In its suit filed last week Tesla claims a “disturbing pattern” of former employees recruited by Rivian taking confidential information and trade secrets to their new jobs.
Tesla even claims Rivian – which has engineering and manufacturing facilities across America – is “knowingly encouragingly” this behaviour.
Tesla is seeking unspecified punitive damages for what it alleges is “despicable, wanton, oppressive, willful, malicious, [and] duplicitous” behaviour.
Rivian is rejecting the claims.
“This suit’s allegations are baseless and run counter to Rivian’s culture, ethos and corporate policies,” it said in a statement.

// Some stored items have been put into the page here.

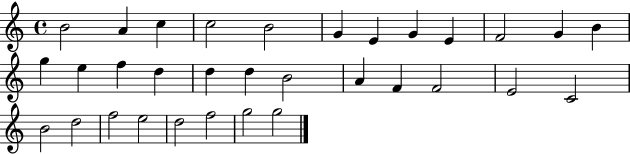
X:1
T:Untitled
M:4/4
L:1/4
K:C
B2 A c c2 B2 G E G E F2 G B g e f d d d B2 A F F2 E2 C2 B2 d2 f2 e2 d2 f2 g2 g2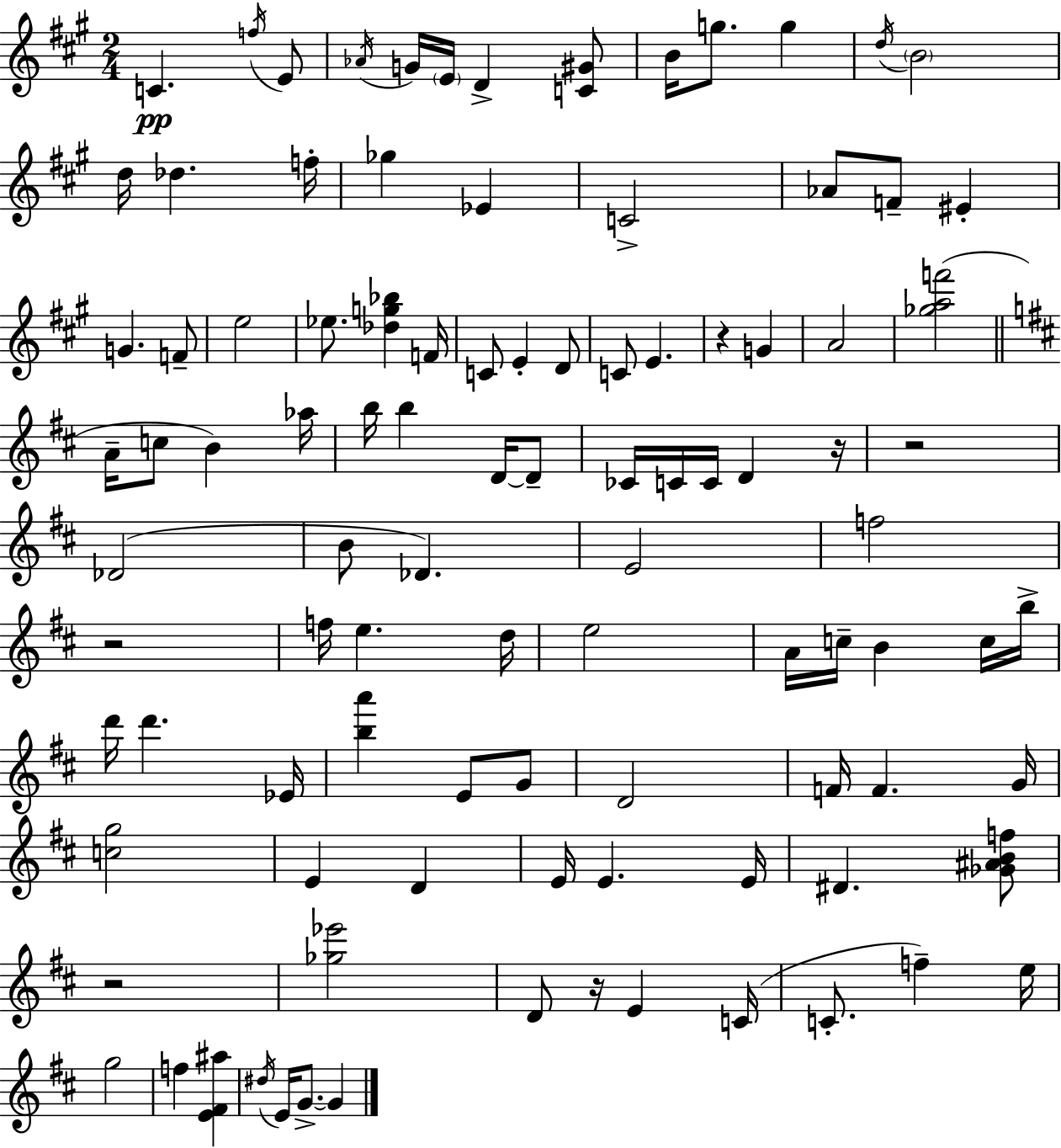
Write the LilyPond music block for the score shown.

{
  \clef treble
  \numericTimeSignature
  \time 2/4
  \key a \major
  c'4.\pp \acciaccatura { f''16 } e'8 | \acciaccatura { aes'16 } g'16 \parenthesize e'16 d'4-> | <c' gis'>8 b'16 g''8. g''4 | \acciaccatura { d''16 } \parenthesize b'2 | \break d''16 des''4. | f''16-. ges''4 ees'4 | c'2-> | aes'8 f'8-- eis'4-. | \break g'4. | f'8-- e''2 | ees''8. <des'' g'' bes''>4 | f'16 c'8 e'4-. | \break d'8 c'8 e'4. | r4 g'4 | a'2 | <ges'' a'' f'''>2( | \break \bar "||" \break \key d \major a'16-- c''8 b'4) aes''16 | b''16 b''4 d'16~~ d'8-- | ces'16 c'16 c'16 d'4 r16 | r2 | \break des'2( | b'8 des'4.) | e'2 | f''2 | \break r2 | f''16 e''4. d''16 | e''2 | a'16 c''16-- b'4 c''16 b''16-> | \break d'''16 d'''4. ees'16 | <b'' a'''>4 e'8 g'8 | d'2 | f'16 f'4. g'16 | \break <c'' g''>2 | e'4 d'4 | e'16 e'4. e'16 | dis'4. <ges' ais' b' f''>8 | \break r2 | <ges'' ees'''>2 | d'8 r16 e'4 c'16( | c'8.-. f''4--) e''16 | \break g''2 | f''4 <e' fis' ais''>4 | \acciaccatura { dis''16 } e'16 g'8.->~~ g'4 | \bar "|."
}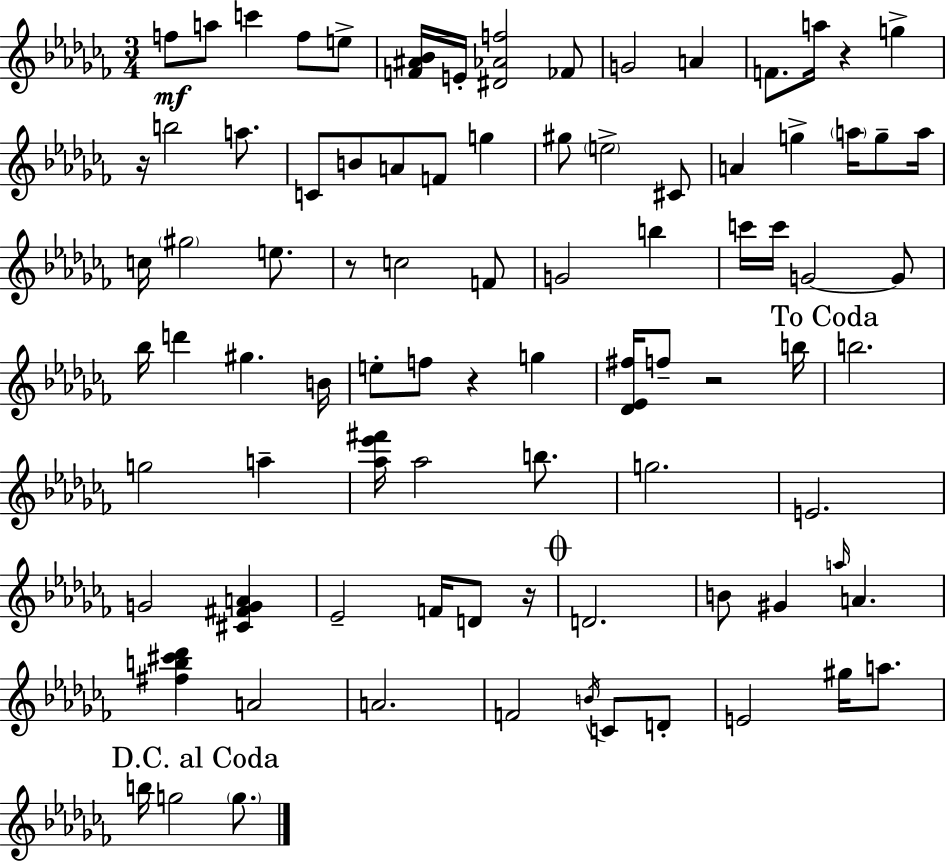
F5/e A5/e C6/q F5/e E5/e [F4,A#4,Bb4]/s E4/s [D#4,Ab4,F5]/h FES4/e G4/h A4/q F4/e. A5/s R/q G5/q R/s B5/h A5/e. C4/e B4/e A4/e F4/e G5/q G#5/e E5/h C#4/e A4/q G5/q A5/s G5/e A5/s C5/s G#5/h E5/e. R/e C5/h F4/e G4/h B5/q C6/s C6/s G4/h G4/e Bb5/s D6/q G#5/q. B4/s E5/e F5/e R/q G5/q [Db4,Eb4,F#5]/s F5/e R/h B5/s B5/h. G5/h A5/q [Ab5,Eb6,F#6]/s Ab5/h B5/e. G5/h. E4/h. G4/h [C#4,F#4,G4,A4]/q Eb4/h F4/s D4/e R/s D4/h. B4/e G#4/q A5/s A4/q. [F#5,B5,C#6,Db6]/q A4/h A4/h. F4/h B4/s C4/e D4/e E4/h G#5/s A5/e. B5/s G5/h G5/e.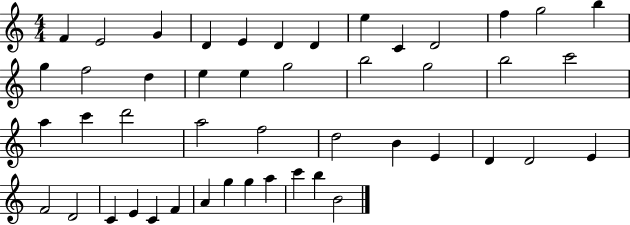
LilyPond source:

{
  \clef treble
  \numericTimeSignature
  \time 4/4
  \key c \major
  f'4 e'2 g'4 | d'4 e'4 d'4 d'4 | e''4 c'4 d'2 | f''4 g''2 b''4 | \break g''4 f''2 d''4 | e''4 e''4 g''2 | b''2 g''2 | b''2 c'''2 | \break a''4 c'''4 d'''2 | a''2 f''2 | d''2 b'4 e'4 | d'4 d'2 e'4 | \break f'2 d'2 | c'4 e'4 c'4 f'4 | a'4 g''4 g''4 a''4 | c'''4 b''4 b'2 | \break \bar "|."
}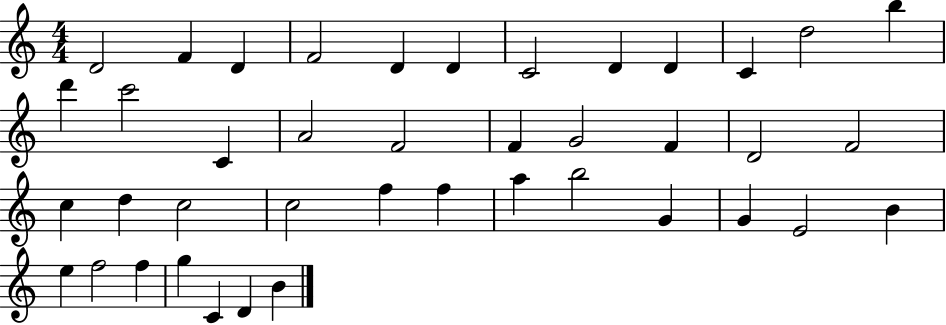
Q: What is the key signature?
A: C major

“Upon joining Rivian, we require all employees to confirm that they have not, and will not, introduce former employers’ intellectual property into Rivian systems.”
In total there are reported to be 178 former Tesla employees among Rivian’s 2400 workforce.
The lawsuit names four specific former Tesla employees as defendants and details examples uncovered by Tesla’s investigative team of information theft. Tesla says it has also identified other former employees who allegedly stole confidential information.
In a somewhat dystopian revelation, the lawsuit revealed the Tesla investigative team had “recently acquired sophisticated electronic security monitoring tools”.
Two of the defendants, Tami Pascale and Kim Wong, were recruiters at Tesla until recently.
It claims they downloaded critical documents about mass recruiting for production and sales as well as important payscale documents before leaving.
While Rivian is yet to bring a vehicle to market it is probably the most convincing of the EV start-ups that have followed in Tesla’s wake.
In the last 18 months it has has raised more than US$5 billion ($7 billion) in capital from blue chip backers including Amazon, Ford and Blackrock.
It is scheduled to launch its R1T battery electric pick-up truck in early 2021, followed by the R1S SUV.
Rivian sees Australia as a key market for the large EVs.
Tesla has also recently sued self-driving start-up Zoox and a former employee for allegedly taking Autopilot source coding to Chinese EV start-up Xpeng.
Tesla’s mission is to “accelerate the transition to electric vehicles”. In its early days Tesla was unfussed about rivals joining the electric car race, arguing it was good for the world.
Perhaps the pressure of being the world’s most valuable car maker is mounting.